From: Andrea Parri <parri.andrea@gmail.com>
To: Mathieu Desnoyers <mathieu.desnoyers@efficios.com>
Cc: paulmck@kernel.org, palmer@dabbelt.com, paul.walmsley@sifive.com,
aou@eecs.berkeley.edu, mmaas@google.com, hboehm@google.com,
striker@us.ibm.com, charlie@rivosinc.com, rehn@rivosinc.com,
linux-riscv@lists.infradead.org, linux-kernel@vger.kernel.org
Subject: Re: [PATCH 2/2] membarrier: riscv: Provide core serializing command
Date: Tue, 28 Nov 2023 16:13:56 +0100 [thread overview]
Message-ID: <ZWYDtB/otYvTMZWd@andrea> (raw)
In-Reply-To: <91ab0210-07f9-42c4-af7f-a98799250cf7@efficios.com>
> I am concerned about the possibility that this change lacks two barriers in the
> following scenario:
>
> On a transition from uthread -> uthread on [CPU 0], from a thread belonging to
> another mm to a thread belonging to the mm [!mm -> mm] for which a concurrent
> membarrier sync-core is done on [CPU 1]:
>
> - [CPU 1] sets all bits in the mm icache_stale_mask [A]. There are no barriers
> associated with these stores.
>
> - [CPU 0] store to rq->curr [B] (by the scheduler) vs [CPU 1] loads rq->curr [C]
> within membarrier to decide if the IPI should be skipped. Let's say CPU 1 observes
> cpu_rq(0)->curr->mm != mm, so it skips the IPI.
>
> - This means membarrier relies on switch_mm() to issue the sync-core.
>
> - [CPU 0] switch_mm() loads [D] the icache_stale_mask. If the bit is zero, switch_mm()
> may incorrectly skip the sync-core.
>
> AFAIU, [C] can be reordered before [A] because there is no barrier between those
> operations within membarrier. I suspect it can cause the switch_mm() code to skip
> a needed sync-core.
>
> AFAIU, [D] can be reordered before [B] because there is no documented barrier
> between those operations within the scheduler, which can also cause switch_mm()

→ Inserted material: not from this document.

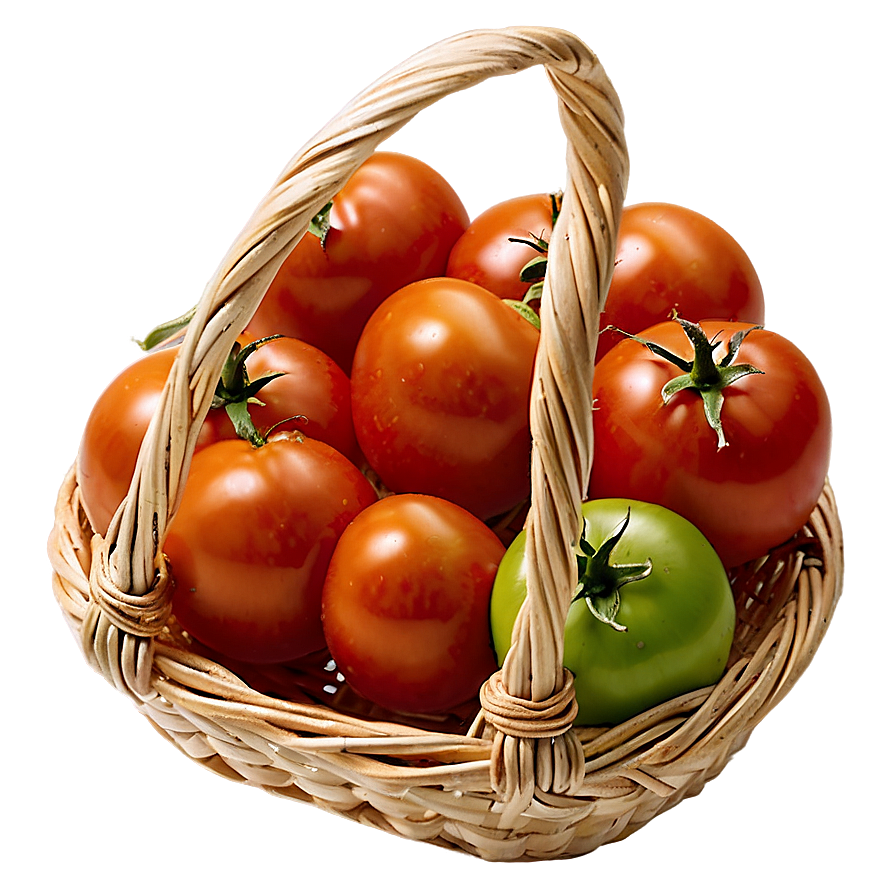 Tomatoes Basket Png 06212024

> to skip a needed sync-core.
>
> We possibly have a similar scenario for uthread->uthread when the scheduler
> switches between mm -> !mm.
>
> One way to fix this would be to add the following barriers:
>
> - A smp_mb() between [A] and [C], possibly just after cpumask_setall() in
> prepare_sync_core_cmd(), with comments detailing the ordering it guarantees,
> - A smp_mb() between [B] and [D], possibly just before cpumask_test_cpu() in
> flush_icache_deferred(), with appropriate comments.
>
> Am I missing something ?
Thanks for the detailed analysis.
AFAIU, the following barrier (in membarrier_private_expedited())
/*
* Matches memory barriers around rq->curr modification in
* scheduler.
*/
smp_mb(); /* system call entry is not a mb. */
can serve the purpose of ordering [A] before [C] (to be documented in v2).

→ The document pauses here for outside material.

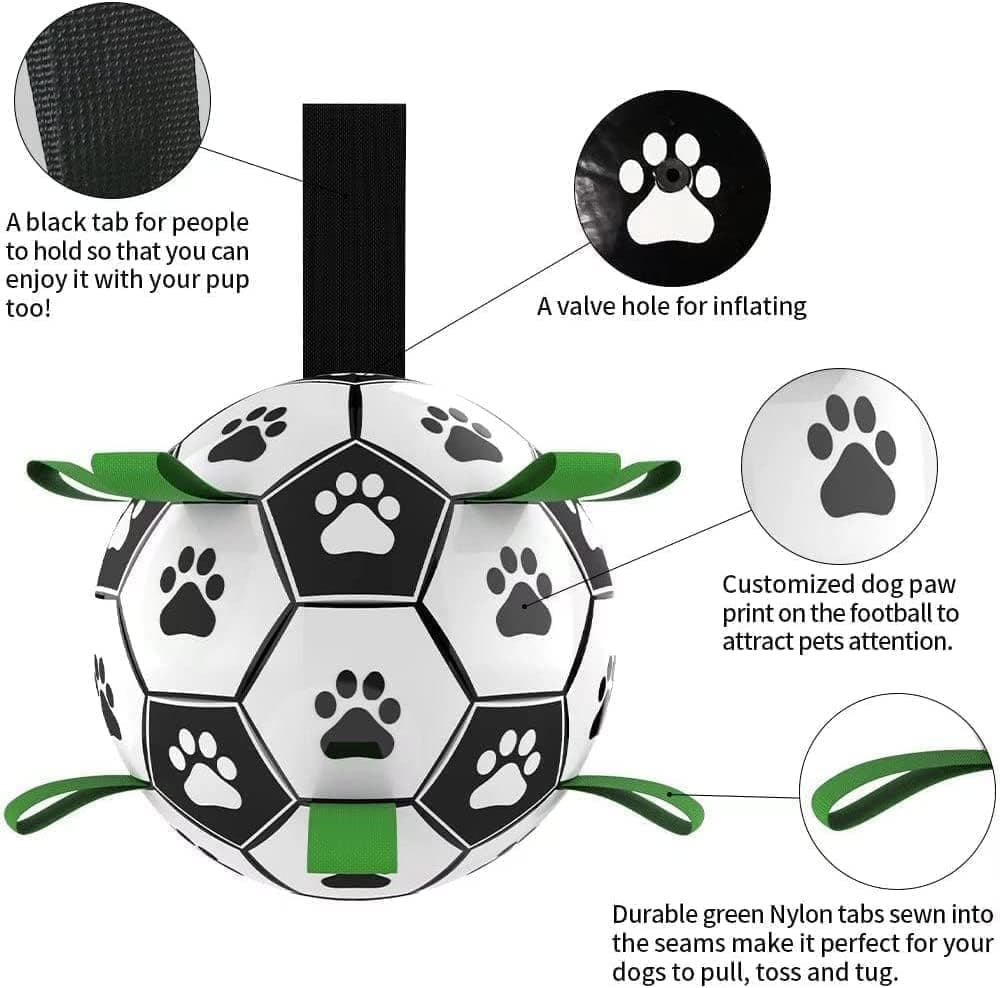 Durable Interactive Dog Ball with Air Needle, 15cm V1188-MS-325-1281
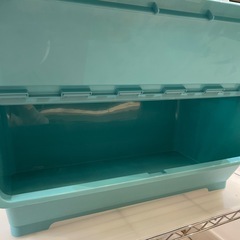 【衣類収納】【キャリコ/ブルー】クリーニング済み【管理番号1224】野の画像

But I agree that [B] and [D] are unordered /missing suitable synchronization.
Worse, RISC-V has currently no full barrier after [B] and before returning to
user-space: I'm thinking (inspired by the PowerPC implementation),
diff --git a/arch/riscv/mm/context.c b/arch/riscv/mm/context.c
index 217fd4de61342..f63222513076d 100644
--- a/arch/riscv/mm/context.c
+++ b/arch/riscv/mm/context.c
@@ -323,6 +323,23 @@ void switch_mm(struct mm_struct *prev, struct mm_struct *next,
if (unlikely(prev == next))
return;
+#if defined(CONFIG_MEMBARRIER) && defined(CONFIG_SMP)
+ /*
+ * The membarrier system call requires a full memory barrier
+ * after storing to rq->curr, before going back to user-space.
+ *
+ * Only need the full barrier when switching between processes:
+ * barrier when switching from kernel to userspace is not
+ * required here, given that it is implied by mmdrop(); barrier
+ * when switching from userspace to kernel is not needed after
+ * store to rq->curr.
+ */
+ if (unlikely(atomic_read(&next->membarrier_state) &
+ (MEMBARRIER_STATE_PRIVATE_EXPEDITED |
+ MEMBARRIER_STATE_GLOBAL_EXPEDITED)) && prev)
+ smp_mb();
+#endif
+
/*
* Mark the current MM context as inactive, and the next as
* active. This is at least used by the icache flushing
diff --git a/kernel/sched/core.c b/kernel/sched/core.c
index a708d225c28e8..a1c749fddd095 100644
--- a/kernel/sched/core.c
+++ b/kernel/sched/core.c
@@ -6670,8 +6670,9 @@ static void __sched notrace __schedule(unsigned int sched_mode)
*
* Here are the schemes providing that barrier on the
* various architectures:
- * - mm ? switch_mm() : mmdrop() for x86, s390, sparc, PowerPC.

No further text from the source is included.